Supplied material:
# # # # # # #

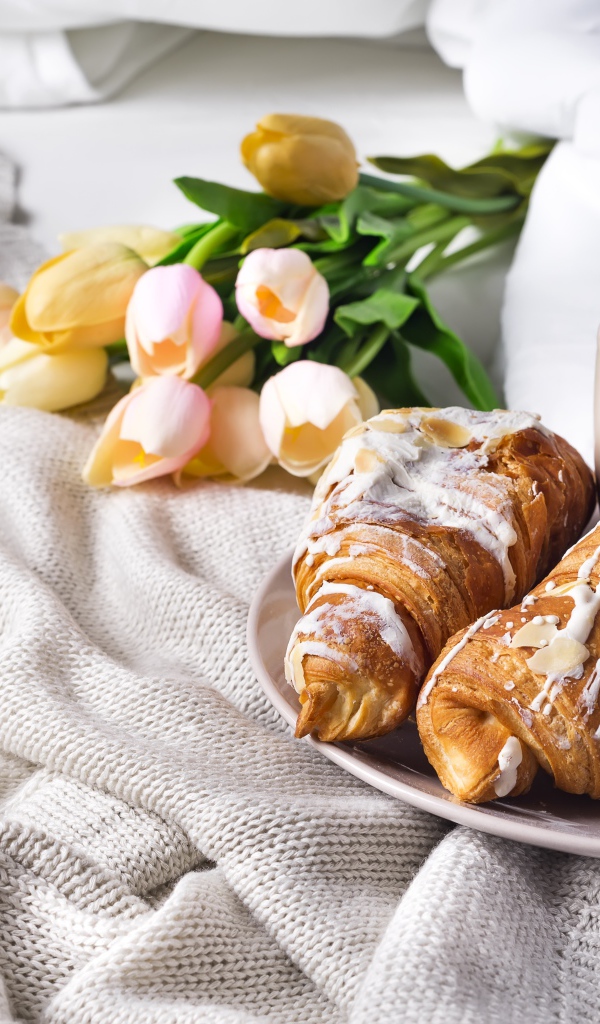 Круассаны на кровати с кофе и букетом тюльпанов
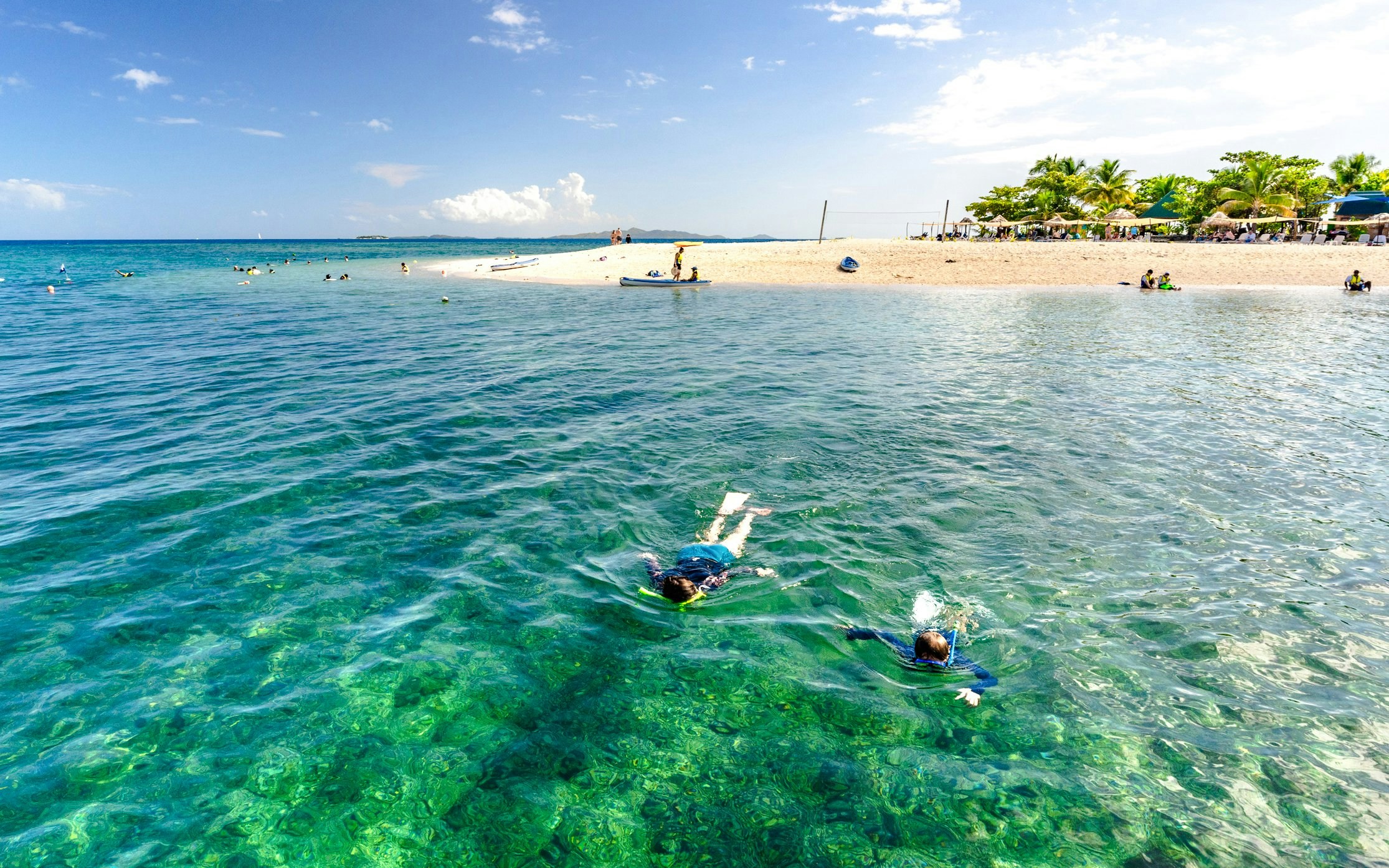 Snorkelers exploring clear waters near South Sea Island, Fiji.
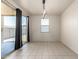 Open dining area featuring neutral tile flooring, a modern chandelier, and sliding glass doors at 5626 W Rainwater Dr, Laveen, AZ 85339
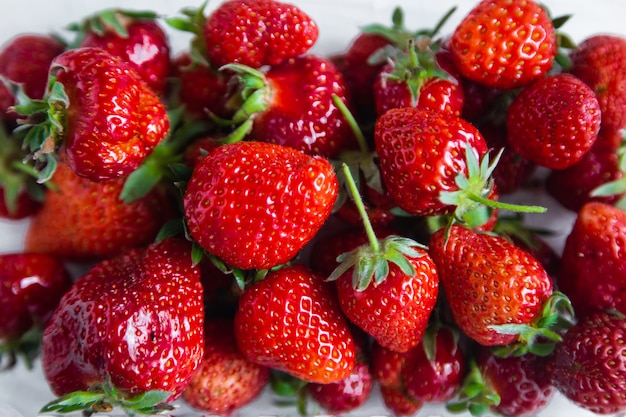 Lots of red ripe strawberries with green tails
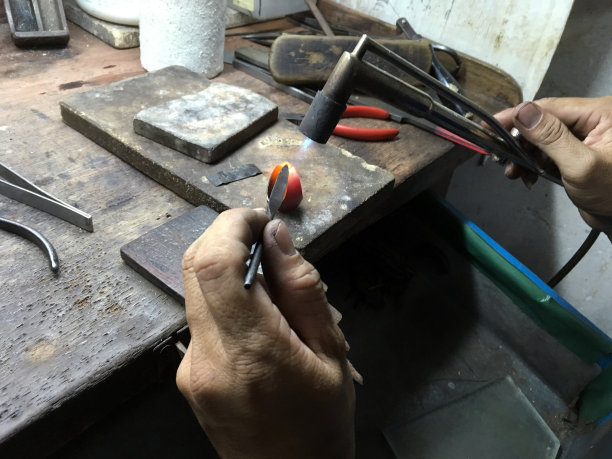 一个金工正在对金戒指点火图片下载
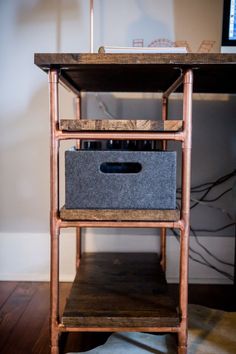 a wooden shelf with two baskets on it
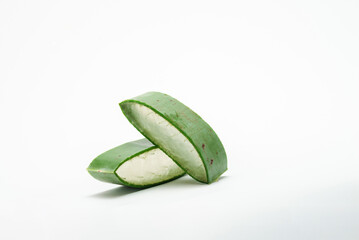 ORGANIC / NATURAL Aloe vera slice on white background,  with copy space. (Aloe barbadensis Mill.,Star cactus, Aloe, Aloin, Jafferabad or Barbados) a very useful herbal medicine for skin  and hair care
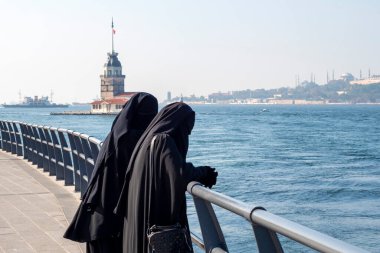Geleneksel Müslüman kıyafetli iki kadın siyah tesettür, çarşaf giyiyor ve İstanbul, Türkiye 'de toprak setinde yürüyor
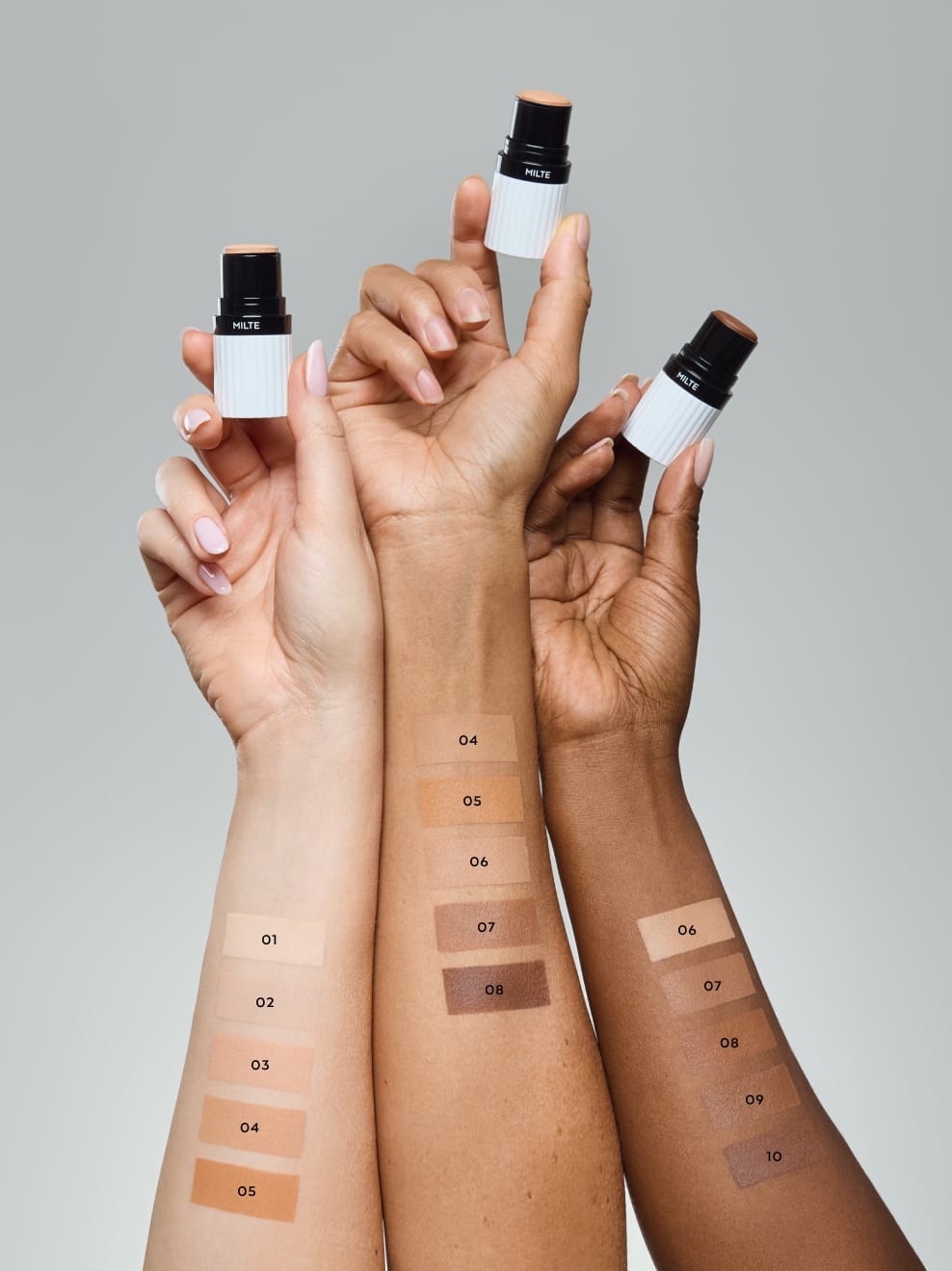 3 Arme mit jeweils Milte Foundation in den Händen und auf den Unterarmen Swatch Vergleiche aller Farben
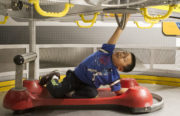Andy Li, 5, plays in a space station tool simulation at the Beyond Blastoff exhibit at Chabot Space and Science Center.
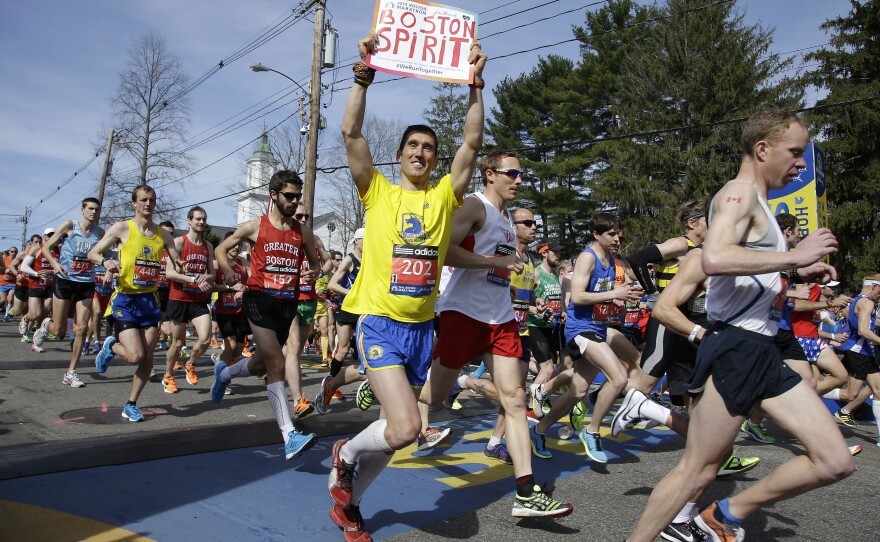 Runners in the first wave of 9,000 cross the start line on Monday.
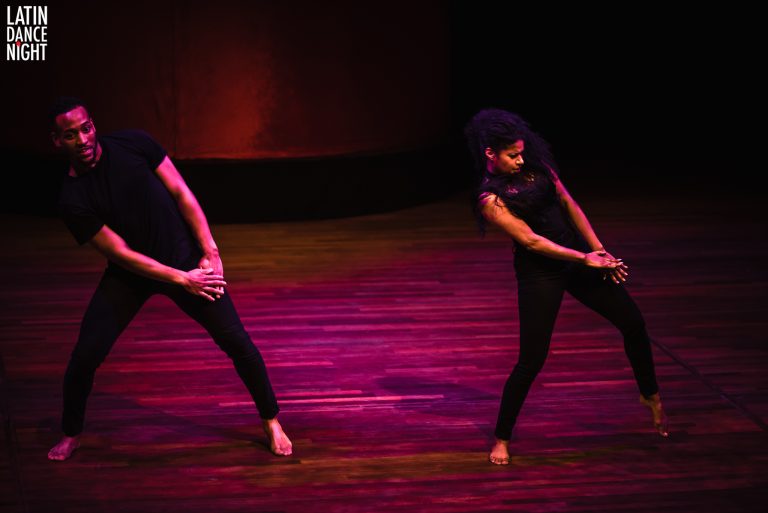 Twee dansers in zwarte kleding voeren een moderne dans uit op een levendig verlichte achtergrond.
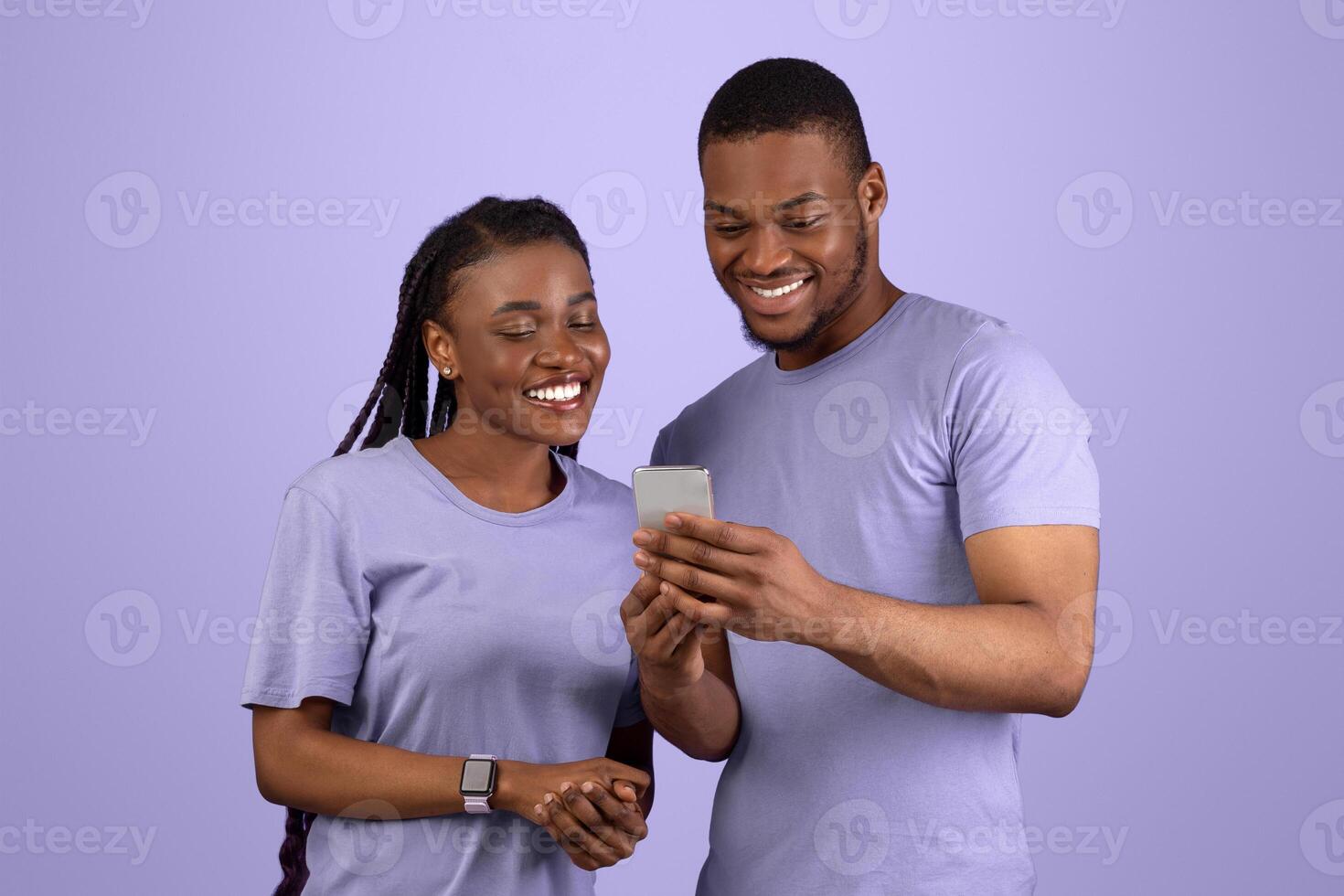 Happy black couple looking at mobile phone screen, using new cool application, violet purple studio background. Joyful African American guy sharing smartphone with lady, modern entertainment concept photo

# # # # # # #

Action item:
Without any pictures, reproduce the lines from the first one in the material through the line that has "Open dining area", exactly as they appear.

Response area:
 Круассаны на кровати с кофе и букетом тюльпанов
 Snorkelers exploring clear waters near South Sea Island, Fiji.
 Open dining area featuring neutral tile flooring, a modern chandelier, and sliding glass doors at 5626 W Rainwater Dr, Laveen, AZ 85339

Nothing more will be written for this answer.